(TASK DETAILS)
Among the records that follow, find the line with "04:56 到 05:34 的六張連拍，島的大小與位置對齊，只有光在變" and the line with "Téléchargement de vidéo". Set down those lines and all lines between them exactly, without adding anything.

====================

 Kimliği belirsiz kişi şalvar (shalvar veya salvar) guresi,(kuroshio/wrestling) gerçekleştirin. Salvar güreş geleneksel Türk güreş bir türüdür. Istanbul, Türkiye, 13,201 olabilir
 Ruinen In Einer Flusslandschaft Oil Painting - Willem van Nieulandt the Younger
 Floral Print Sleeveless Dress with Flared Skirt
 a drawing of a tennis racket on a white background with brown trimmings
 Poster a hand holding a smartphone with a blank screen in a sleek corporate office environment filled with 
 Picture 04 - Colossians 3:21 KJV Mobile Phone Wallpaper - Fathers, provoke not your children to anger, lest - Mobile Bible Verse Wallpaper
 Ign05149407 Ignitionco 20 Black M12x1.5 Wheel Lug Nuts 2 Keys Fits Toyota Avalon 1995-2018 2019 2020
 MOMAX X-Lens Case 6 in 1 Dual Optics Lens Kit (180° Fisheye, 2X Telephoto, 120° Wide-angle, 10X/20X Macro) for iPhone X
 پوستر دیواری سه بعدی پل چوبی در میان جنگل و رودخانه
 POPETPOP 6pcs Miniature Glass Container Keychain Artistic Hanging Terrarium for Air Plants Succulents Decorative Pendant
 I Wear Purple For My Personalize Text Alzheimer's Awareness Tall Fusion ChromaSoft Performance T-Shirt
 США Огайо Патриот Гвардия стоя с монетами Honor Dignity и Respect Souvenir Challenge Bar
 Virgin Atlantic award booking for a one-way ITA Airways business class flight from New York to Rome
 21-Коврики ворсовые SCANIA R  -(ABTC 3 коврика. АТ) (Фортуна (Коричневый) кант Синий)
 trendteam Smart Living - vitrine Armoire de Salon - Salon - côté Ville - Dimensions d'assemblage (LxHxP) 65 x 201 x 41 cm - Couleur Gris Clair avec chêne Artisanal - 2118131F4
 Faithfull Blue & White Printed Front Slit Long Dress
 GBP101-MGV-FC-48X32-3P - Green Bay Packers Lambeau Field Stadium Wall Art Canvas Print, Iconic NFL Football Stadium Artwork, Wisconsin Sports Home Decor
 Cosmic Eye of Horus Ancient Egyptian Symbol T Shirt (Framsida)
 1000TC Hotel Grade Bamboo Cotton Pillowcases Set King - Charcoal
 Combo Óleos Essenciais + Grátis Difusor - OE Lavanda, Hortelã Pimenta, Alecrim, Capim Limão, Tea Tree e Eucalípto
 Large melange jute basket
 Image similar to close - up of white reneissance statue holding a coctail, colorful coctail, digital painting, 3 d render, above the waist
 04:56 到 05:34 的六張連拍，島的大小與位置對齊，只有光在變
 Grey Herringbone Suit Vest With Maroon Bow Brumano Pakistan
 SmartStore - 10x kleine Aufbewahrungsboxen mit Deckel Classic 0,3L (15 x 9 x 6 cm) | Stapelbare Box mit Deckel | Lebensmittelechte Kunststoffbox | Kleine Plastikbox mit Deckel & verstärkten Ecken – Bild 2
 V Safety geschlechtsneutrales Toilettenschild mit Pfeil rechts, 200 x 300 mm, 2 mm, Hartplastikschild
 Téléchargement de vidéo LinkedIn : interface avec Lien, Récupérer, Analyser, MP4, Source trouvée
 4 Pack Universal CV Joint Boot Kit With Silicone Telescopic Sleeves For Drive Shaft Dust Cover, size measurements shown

====================

(COMPLETED EXERCISE)
 04:56 到 05:34 的六張連拍，島的大小與位置對齊，只有光在變
 Grey Herringbone Suit Vest With Maroon Bow Brumano Pakistan
 SmartStore - 10x kleine Aufbewahrungsboxen mit Deckel Classic 0,3L (15 x 9 x 6 cm) | Stapelbare Box mit Deckel | Lebensmittelechte Kunststoffbox | Kleine Plastikbox mit Deckel & verstärkten Ecken – Bild 2
 V Safety geschlechtsneutrales Toilettenschild mit Pfeil rechts, 200 x 300 mm, 2 mm, Hartplastikschild
 Téléchargement de vidéo LinkedIn : interface avec Lien, Récupérer, Analyser, MP4, Source trouvée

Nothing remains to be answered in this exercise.